For those who support maintaining a large nuclear arsenal, the fact that this number is not known or understood in Congress or the White House is a major danger. Lack of public or political support now will make it hard, if not impossible, to sustain support for larger and larger nuclear budgets in the future. Nuclear sticker shock is never a good thing. Overreaching on our nuclear deterrent spending could result in our nuclear capabilities declining through budget neglect, not strategy. Less than ideal.

For those to support reducing the number of nuclear weapons, these numbers also suggest a problem. Conservative political voices appear willing to support negotiated reductions between the United States and Russia but only if the U.S. modernizes the weapons the United States would still maintain. In short, they support cuts only if the remaining weapons are more reliable that those they replace. A reasonable position to be sure. But if the budgets for such work are not supported -- as they have not been by the GOP controlled and budget minded House -- than it will be harder to generate a consensus behind negotiated arms agreement with Russia or others in the years to come. We will get old weapons we don't want, cannot afford to maintain, with nothing to replace them.

You Can't Get There From Here

Lastly, whether you think the plans of the U.S. to spend $1 trillion over the next 30 years is a good or a bad thing, the fact remains that the plan now in place won't work.
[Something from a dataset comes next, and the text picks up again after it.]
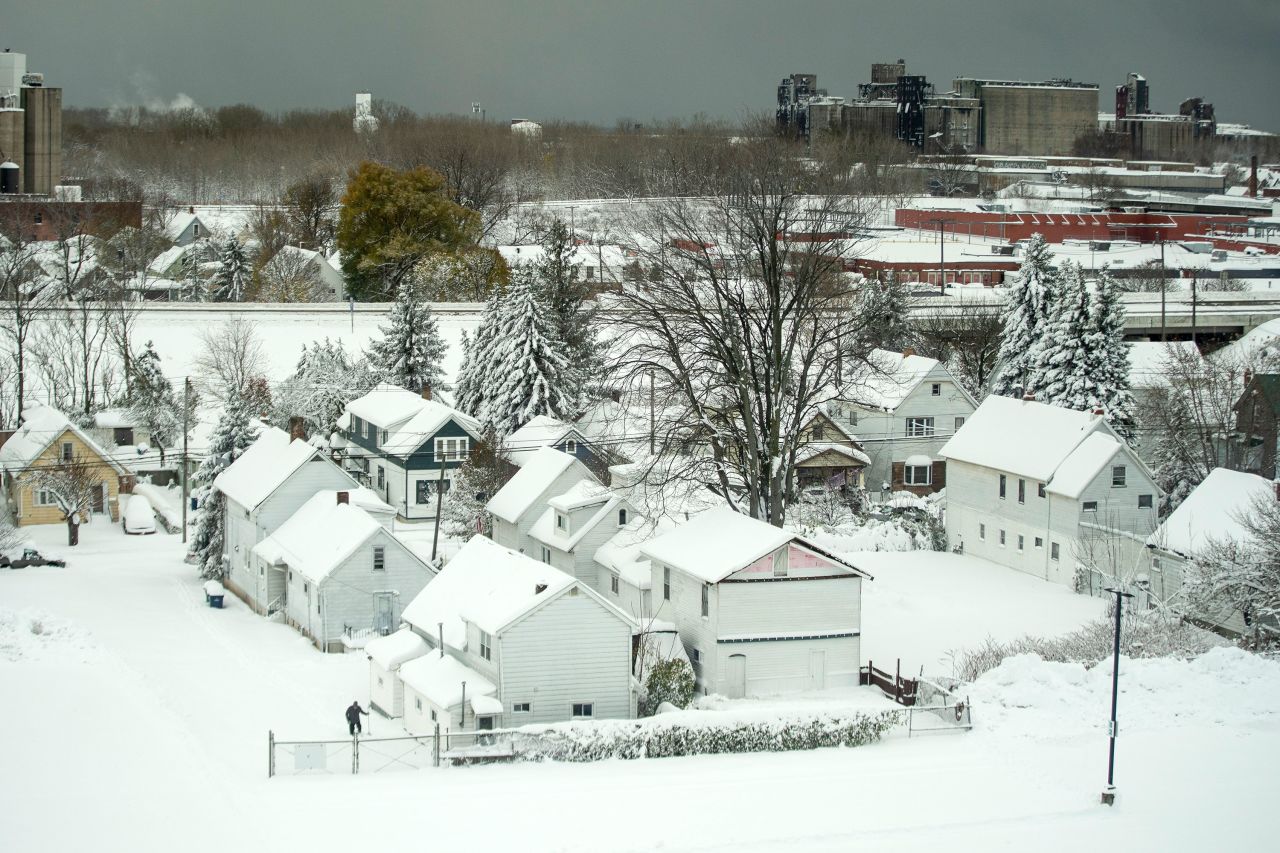Snow blankets homes on Friday.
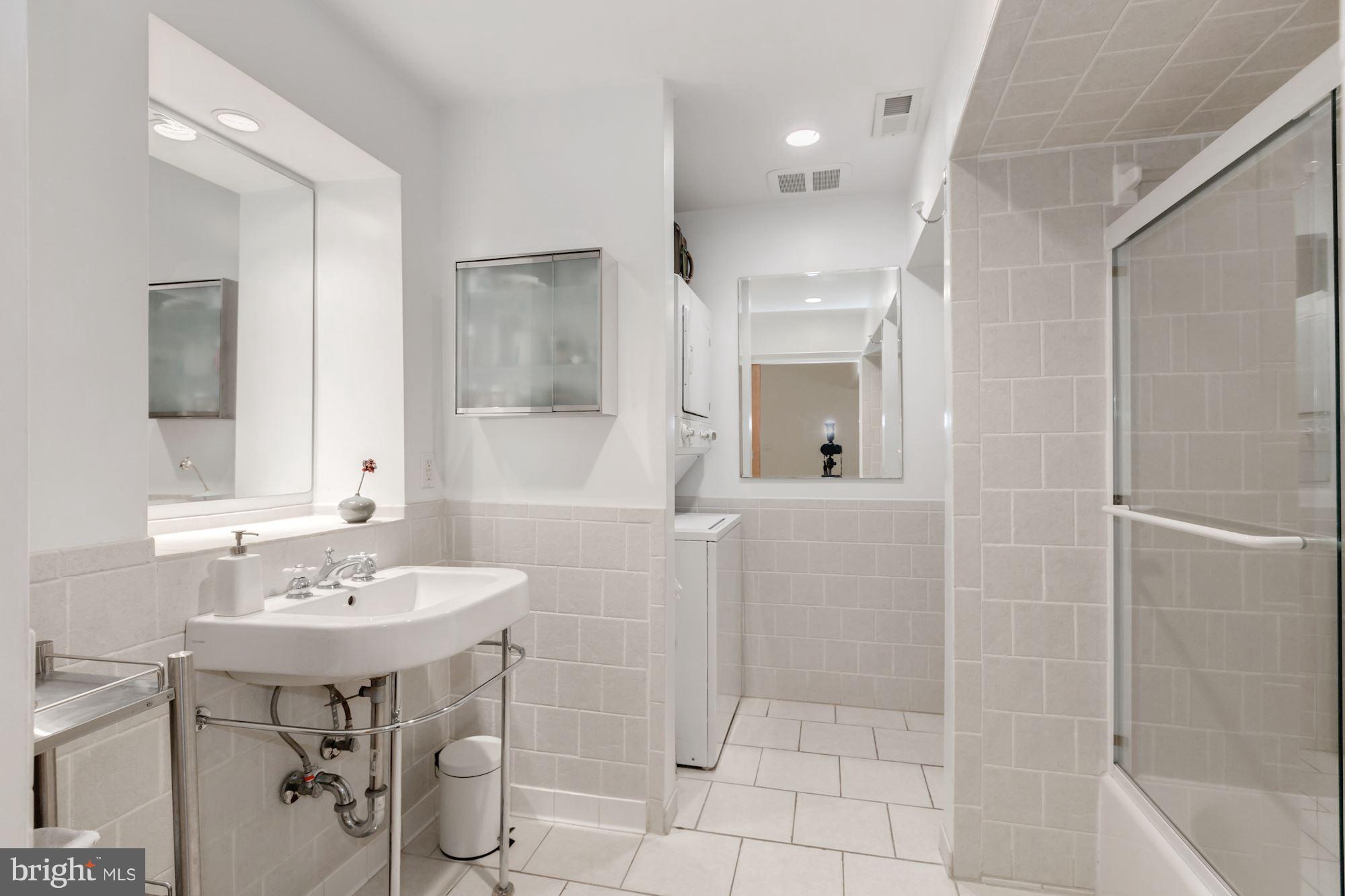 3541 S Street Northwest Washington, DC 20007 - Photo 23 of 29 Full bath with stackable washer/dryer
The procurement pipeline calls for building 5 nuclear submarines, 72 strategic bombers and 240 land-based missiles all in a five-year period between 2024-2029. This is larger than the strategic nuclear forces of China, France and the UK combined. The pace is likely beyond the ability of the military-industrial complex to provide at cost or on time. Without a compelling need to move at this pace, it is hard to see why national spending and deterrence plans should be put at risk. Instead, a more reasoned procurement plan tied to both our strategic need and financial capabilities is needed.

In the end, the only person who can provoke this needed discussion in the president. Having gained approval of one arms agreement with Russia at great political cost with the Senate, it remains to be seen if President Obama wants to go back for more. However, as the costs loom larger and larger, there is a growing case for reducing the number of weapons the U.S. will build and the cost of these systems as a matter of not only deterrent theory, but of financial prudence.